The interim unaudited Condensed Consolidated Financial Statements to 31 March 2026 have been prepared in accordance with UK-adopted International Accounting Standard 34 'Interim Financial Reporting' and the Listing Rules of the Financial Conduct Authority.
Premier Miton Group plc (the 'Group') is the Parent Company of a group of companies which provide a range of investment management services in the United Kingdom and Ireland.
The Group's 2025 Annual Report is prepared in accordance with UK-adopted International Accounting Standards, and is available on the Premier Miton Group plc website (www.premiermiton.com).
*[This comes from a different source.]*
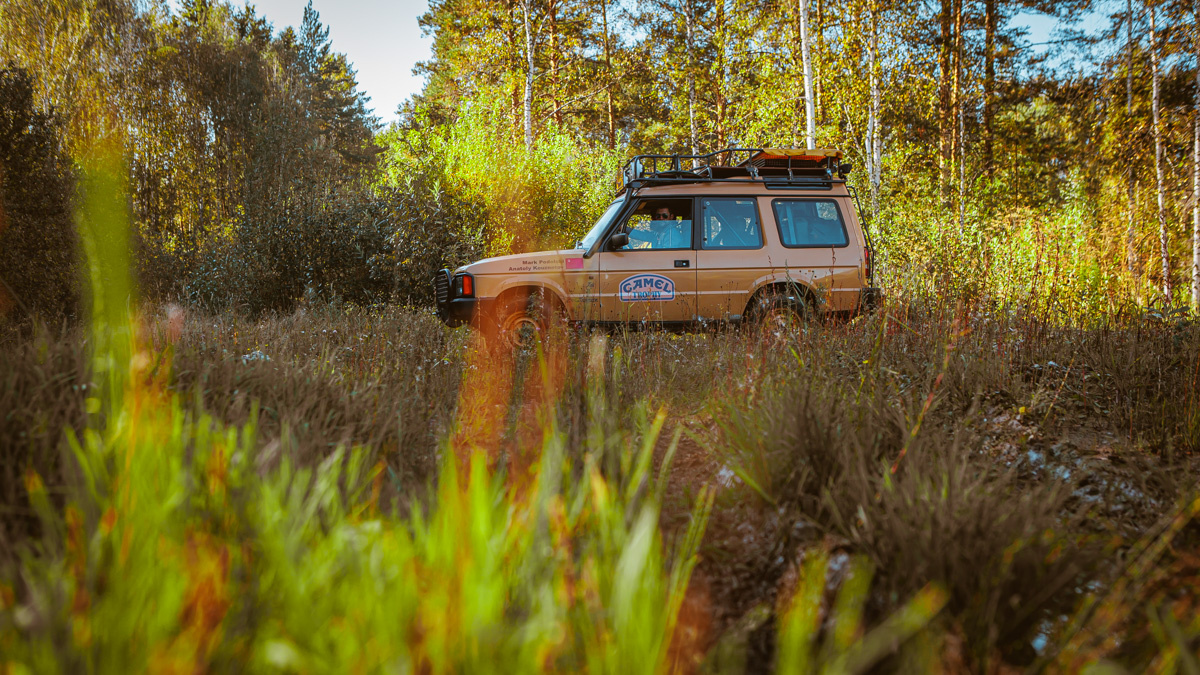 Финальный аккорд Перестройки: тест-драйв того самого Land Rover Discovery с легендарной Camel Trophy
These interim unaudited Condensed Consolidated Financial Statements were approved and authorised for issue by the Board acting through a duly authorised committee of the Board of Directors on 3 June 2026.
The full-year accounts to 30 September 2025 were approved by the Board of Directors on 3 December 2025 and have been delivered to the Registrar of Companies. The report of the auditor on those accounts was unqualified, did not contain an emphasis of matter paragraph and did not contain any statement under section 498 of the Companies Act 2006. The figures for the six months ended 31 March 2026 and the six months ended 31 March 2025 have not been audited.
The interim unaudited Condensed Consolidated Financial Statements are presented in Sterling and all values are rounded to the nearest thousand pounds (£000) except where otherwise indicated.
Going concern
The Group has considerable financial resources and ongoing investment management contracts. As a consequence, the Directors believe that the Group demonstrates the financial resilience required to manage its business risks successfully. The Directors have a reasonable expectation that the Group has adequate resources to continue in operational existence for a period of 12 months after the date the interim financial statements are signed. Thus, the Directors continue to adopt the going concern basis of accounting in preparing the interim unaudited Condensed Consolidated Financial Statements. The Directors note that the Group has no external borrowings and maintains significant levels of cash reserves. The Group has conducted financial modelling at materially lower levels of AuM with the business maintaining cash balances above its regulatory requirements. The Directors have also reviewed and examined the financial stress testing inherent in the Internal Capital Adequacy and Risk Assessment ('ICARA').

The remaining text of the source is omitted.